West Midlands Police insist they are “reviewing that first enquiry to see if we can identify more suspects and are in the process of trying to retrieve footage that was recorded in the original interviews” and that they “always strive to put victims at the heart of all our investigations in Public Protection and will be led by what the victim want” — completely contrary to Hannah’s account of how she has been treated.

“This is a very complex case and we are making progress, though the impact of COVID has presented challenges,” wheedled Detective Superintendent Anastasia Miller on behalf of the force’s Public Protection Unit.

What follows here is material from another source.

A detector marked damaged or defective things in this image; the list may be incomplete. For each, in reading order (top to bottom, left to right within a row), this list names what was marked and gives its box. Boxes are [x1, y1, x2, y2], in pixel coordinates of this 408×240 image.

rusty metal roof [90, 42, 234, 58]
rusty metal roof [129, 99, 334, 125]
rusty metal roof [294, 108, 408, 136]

In 19 months they have managed just two voluntary interviews with suspects.

The Conservative government has been weak on so-called grooming gangs since the mainstream media finally began reporting on the scandal of large-scale child sexual exploitation of mostly white working-class by groups of mostly Muslim men of South Asian heritage.

Promises to deport offenders and, after removing their British citizenship, dual national offenders, have gone unfulfilled, with some victims finding they are now running into their abusers in public again.

Supposedly long sentences have also been exposed as shockingly weak, with rape gang ringleaders the public were told would be locked up for decades being released after just a few years — such as Ahdel Ali, who was freed after serving just eight years of a supposedly 26-year-term, due to the headline figure being an aggregation of multiple sentences to be served concurrently, with the fact that most criminals only have to serve half their “prison” terms in custody before being automatically released on licence in Britain not taken into account.

Home Secretary Priti Patel, who has styled herself as tough on crime, illegal immigration, and foreign criminals even as crime rises, illegal immigration increases, and deportations fall dramatically, struggled even to get a promised Home Office report on the ethnicity of grooming gangs published — and when it did come out it represented a huge step backwards from previous probes, such as the Alexis Jay report.

The Home Office report claimed that no conclusions about the ethnic background of rape gang members could really be drawn, in part because the state does not bother, still, to collect reliable statistics on the ethnicity of the predators and their victims in a systematic manner.

No specific measures to address the weakness of the sentencing, the failure to secure deportations, or the lack of useful data have yet been announced.